Developed for UNICEF

Training data

Training data validation

Five expert mappers from DevSeed Data Team reviewed that dataset and compared it to the DG Vivid RGB imagery. The Data team classified each location into those where 1) overhead imagery clearly contain schools ('confirmed'), 2) overhead imagery clearly does not contain a school ('not-school'), 3) it is uncertain whether or not overhead imagery contains a school ('unrecognized'). Please refer to “Total Point After Validation” in Table 1.

The ‘YES’ schools are observed from the high-resolution satellite imagery and have very clear school features, e.g. building size, shape, and facilities. Here are some of the school features that were used as criteria for schools and that can be used to label the tiles as “confirmed” schools.

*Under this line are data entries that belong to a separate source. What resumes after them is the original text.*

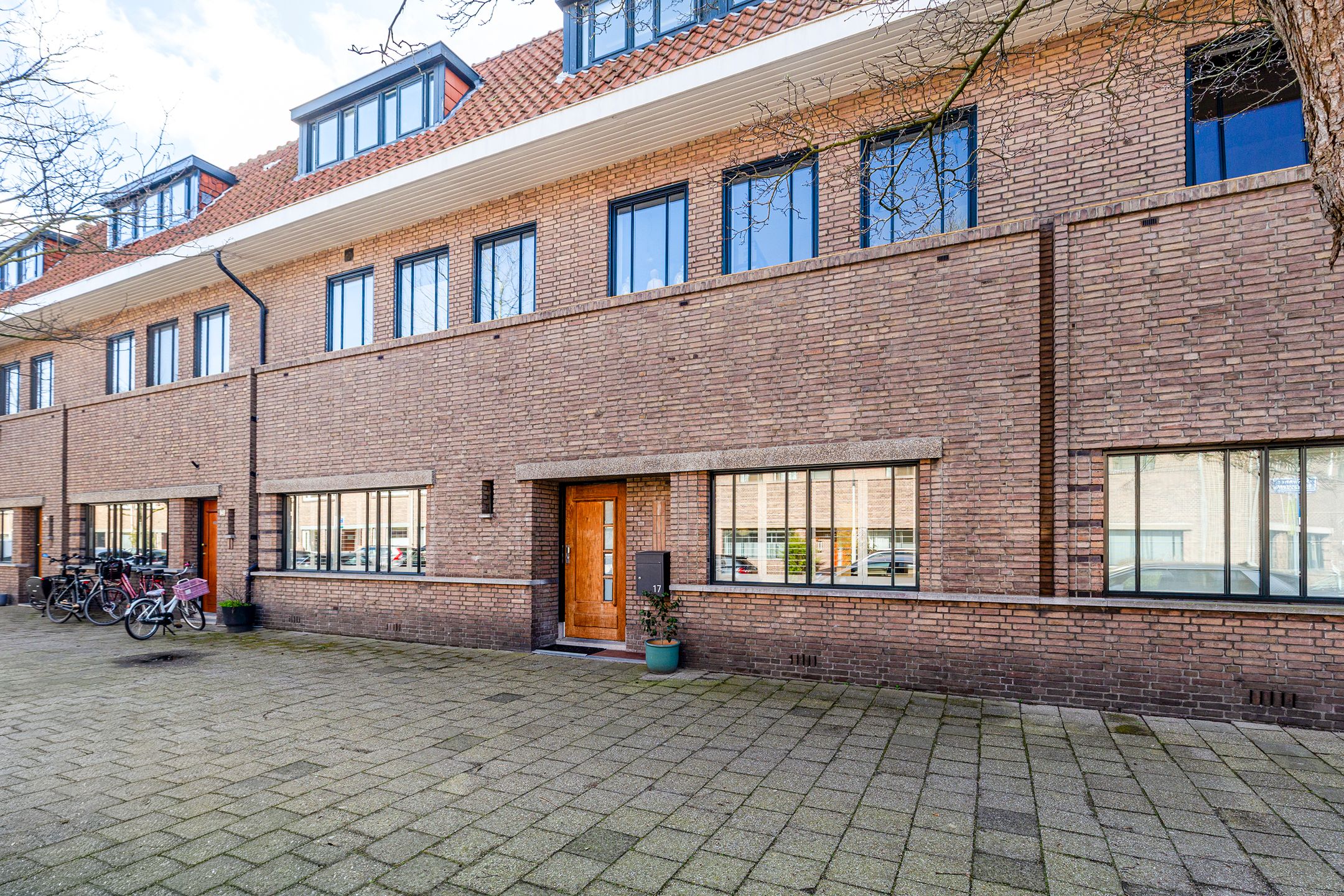 Photo 72 of Johannes Bildersstraat 17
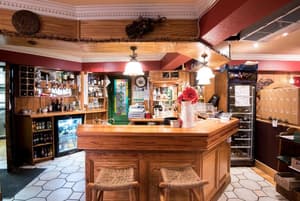 thumbnail: Restaurant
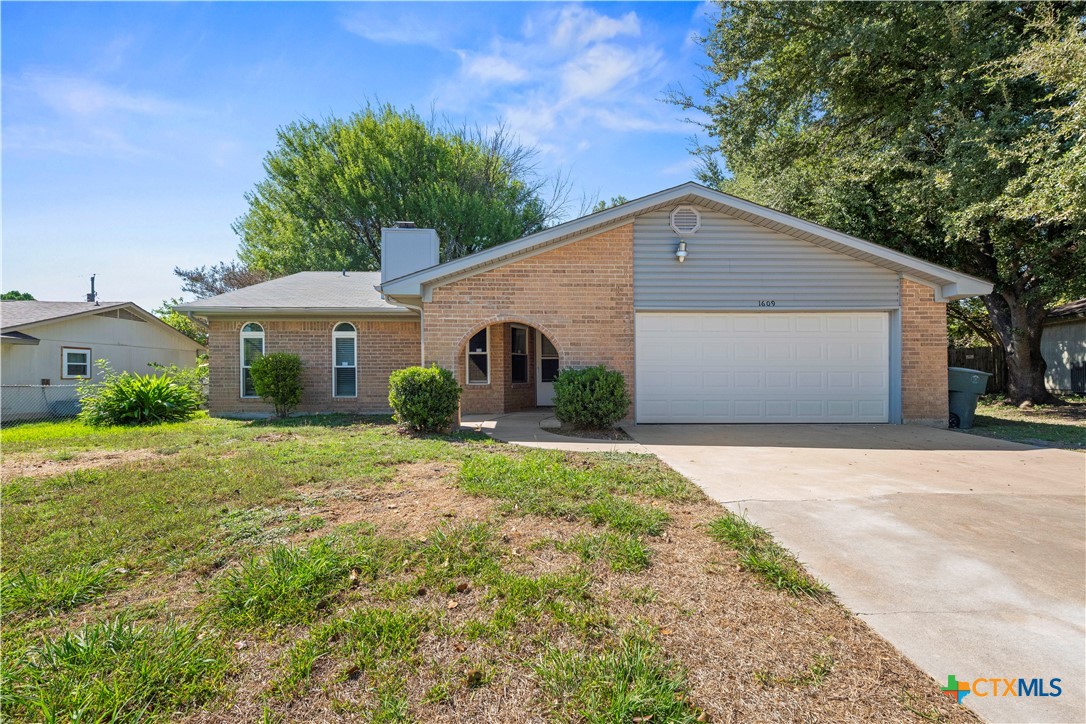 1609 Joy Drive — photo
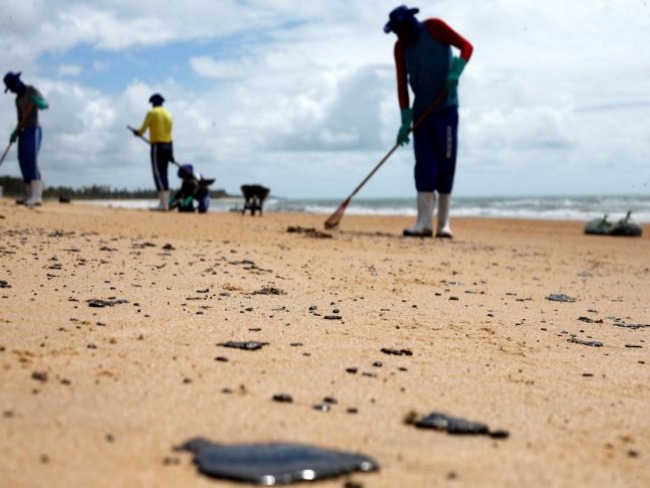 Em comunicado, Marinha afirma que manchas de óleo no Nordeste se concentram em Pernambuco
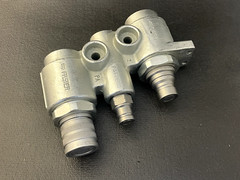 Faster 4BD4FH 7246783 Hydraulic Quick connect flat face block bobcat no inlets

The ‘UNRECOGNIZED’ schools referred to school geolocations that were part of the original country school datasets but that had no clear school features, especially in urban areas with high building density or, in rural areas that can’t be distinguished from residential buildings. Another case of unrecognized schools is school building(s) that can not be seen on DG Vivid because of cloud/tree cover. These locations were not used in training the model.

The ‘No’ schools refer to locations from the original country school datasets where the expert mappers could not find any school-looking buildings at the provided school geolocations. As an example, some of the schools were mislocated in the middle of the ocean, desert, dense forest. This can be caused by the school geolocation being recorded incorrectly or because the DG Vivid imagery has been updated in particular areas of the selected countries after schools were built.